Any help is very appreciated. It's been happening for far too long and is incredibly frustrating.

Thanks in advance!


----------



## Jason09 (Jan 3, 2009)

Have you tried power cycling the device? Also, how long have you had this modem?


----------



## gnikja (Sep 5, 2011)

Power cycling? Like switching it's power source? I can try by using extension cord but there's no other outlet near it - it's plugged into a surge protector (also powers a tv, ps3, router, hdpvr).

I've had the modem for just under 2 years, since I moved in. This has been happening for at least a year. At first, I assumed it was the ISP throttling my internet, but they claim they don't do that. I've google'd the problem and come up with a lot of other people with the same problem but no solutions.


----------



## Old Rich (May 31, 2007)

Poewer Cycle:

Turn off the Modem, router and all pc's . . turn on the Modem and wait a few minutes for the lights to stabilize . . then turn on the router, then one pc at a time.
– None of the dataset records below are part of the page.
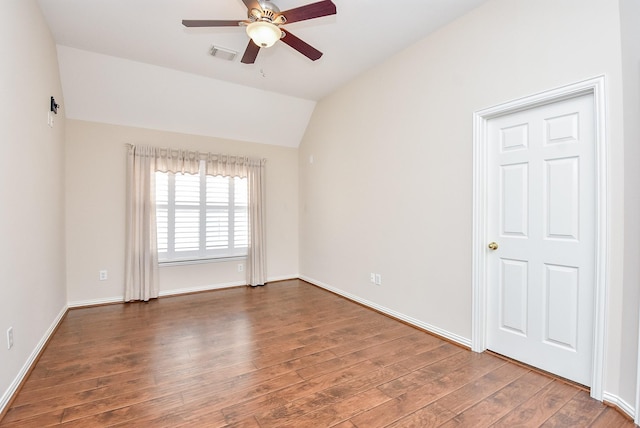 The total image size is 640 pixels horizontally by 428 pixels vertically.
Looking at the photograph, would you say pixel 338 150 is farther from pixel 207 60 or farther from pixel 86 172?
pixel 86 172

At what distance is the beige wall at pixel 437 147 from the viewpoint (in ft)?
6.33

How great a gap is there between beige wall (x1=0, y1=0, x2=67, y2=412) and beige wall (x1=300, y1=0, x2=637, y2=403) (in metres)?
3.26

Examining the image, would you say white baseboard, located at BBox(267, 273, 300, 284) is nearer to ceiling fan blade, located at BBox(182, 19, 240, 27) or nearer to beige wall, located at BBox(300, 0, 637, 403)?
beige wall, located at BBox(300, 0, 637, 403)

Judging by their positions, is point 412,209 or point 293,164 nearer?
point 412,209

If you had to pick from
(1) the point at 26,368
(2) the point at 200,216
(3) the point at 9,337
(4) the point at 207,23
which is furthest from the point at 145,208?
(4) the point at 207,23

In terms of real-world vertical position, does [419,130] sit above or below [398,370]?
above

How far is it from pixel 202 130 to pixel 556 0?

See if you connect ot the internet then


----------



## shawnpb (May 30, 2010)

Unplug the router& and modem power turn off the PC. Wait a few minutes. Plug the router and modem's power back in wait for the lights to stabilize. Then turn the pc back on.

If that don't work try resetting the router manually by pressing the reset button on the back with a pen.


----------



## gnikja (Sep 5, 2011)

It starts up fine. It's not a problem with that. Anywhere from 1-6 times a day it randomly restarts, causing me to lose my connection for about a minute. The main annoyance is this will kick me out of any online network temporarily (ie. middle of MAG match on ps3 and I lose all the XP I had gotten in the match, up to nearly a half hour of play sometimes).


----------



## gnikja (Sep 5, 2011)

Problem still persists. Any other advice guys?


----------



## Old Rich (May 31, 2007)

I would call the ISP and have them run a line quality check


----------